Ivan Gerald Mauger  (4 October 1939 – 16 April 2018) was a New Zealand motorcycle speedway rider. He won a record six World Championships (Finals), a feat equalled only with the inclusion of the Speedway GP Championships by Tony Rickardsson of Sweden who won one World Final and five GP Championships. Mauger rode for several British teams – Wimbledon Dons, Newcastle Diamonds, Belle Vue Aces, Exeter Falcons, and the Hull Vikings. In 2010, Mauger was named an FIM Legend for his motorcycling achievements.

Mauger and his wife of over 60 years, Raye, lived on Australia's Gold Coast. He was an active supporter of speedway, attending many meetings throughout the Australian season, as well as the Speedway Grand Prix of New Zealand, held at the Western Springs Stadium in Auckland.

Career

Wimbledon
Mauger first arrived in the UK as a 17-year-old aboard the SS Rangitoto, which docked at Tilbury in 1957, with his teenage bride Raye, renting a one-bedroom flat in Wimbledon around the corner from Plough Lane where Moore and Briggs reigned as the twin 'kings of the cinders'.

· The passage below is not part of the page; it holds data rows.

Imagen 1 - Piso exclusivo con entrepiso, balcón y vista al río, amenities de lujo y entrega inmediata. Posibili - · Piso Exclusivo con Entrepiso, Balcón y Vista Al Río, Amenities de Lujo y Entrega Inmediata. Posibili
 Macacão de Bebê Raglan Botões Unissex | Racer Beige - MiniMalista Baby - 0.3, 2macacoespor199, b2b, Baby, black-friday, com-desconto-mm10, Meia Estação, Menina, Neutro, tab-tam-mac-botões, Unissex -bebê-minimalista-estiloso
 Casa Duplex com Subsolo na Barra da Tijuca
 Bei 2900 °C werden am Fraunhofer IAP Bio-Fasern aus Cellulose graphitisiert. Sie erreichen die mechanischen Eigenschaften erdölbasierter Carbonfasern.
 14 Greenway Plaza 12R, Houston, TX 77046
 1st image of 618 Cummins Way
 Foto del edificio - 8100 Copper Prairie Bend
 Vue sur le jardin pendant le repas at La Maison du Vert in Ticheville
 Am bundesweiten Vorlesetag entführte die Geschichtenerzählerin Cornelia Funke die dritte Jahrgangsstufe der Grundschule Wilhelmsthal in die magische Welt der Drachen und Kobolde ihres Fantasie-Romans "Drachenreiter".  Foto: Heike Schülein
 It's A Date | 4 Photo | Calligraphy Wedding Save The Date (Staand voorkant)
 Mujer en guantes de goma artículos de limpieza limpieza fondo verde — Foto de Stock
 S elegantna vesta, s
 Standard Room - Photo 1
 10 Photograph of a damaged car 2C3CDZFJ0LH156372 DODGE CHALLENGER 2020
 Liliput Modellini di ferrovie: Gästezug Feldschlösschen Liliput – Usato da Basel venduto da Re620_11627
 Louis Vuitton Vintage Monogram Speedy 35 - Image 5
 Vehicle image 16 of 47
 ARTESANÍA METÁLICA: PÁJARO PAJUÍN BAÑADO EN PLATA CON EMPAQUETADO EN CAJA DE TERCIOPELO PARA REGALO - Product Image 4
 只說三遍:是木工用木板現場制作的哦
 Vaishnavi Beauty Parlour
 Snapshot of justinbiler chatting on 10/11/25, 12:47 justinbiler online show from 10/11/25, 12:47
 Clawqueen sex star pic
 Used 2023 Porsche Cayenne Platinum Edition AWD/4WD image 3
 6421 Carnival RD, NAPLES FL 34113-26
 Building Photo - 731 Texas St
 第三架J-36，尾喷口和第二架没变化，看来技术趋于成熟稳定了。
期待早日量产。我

"Without Ronnie, there would have been no Briggo and no Ivan Mauger; whenever he came home to New Zealand it was like the arrival of Elvis. He was our Pelé, if you like."

Inspired by the deeds of Moore, from the age of 12, Mauger dedicated himself to becoming speedway's champion of the world, working as a delivery boy for a local chemist in Christchurch after school and in the holidays to save money for his first racing machine.

"Everyone thought I had wealthy parents because I could afford to buy a bike before I was 16 but for three years I never bought an ice-cream, a Coca-Cola or anything like that. After I left school I had two jobs – as did Raye – and that's how we saved enough money to come to England when we were little more than children."

Mauger's great adventure began at Plough Lane where he rode in the second-half 'faces of the future' races and assisted Mac the groundsman.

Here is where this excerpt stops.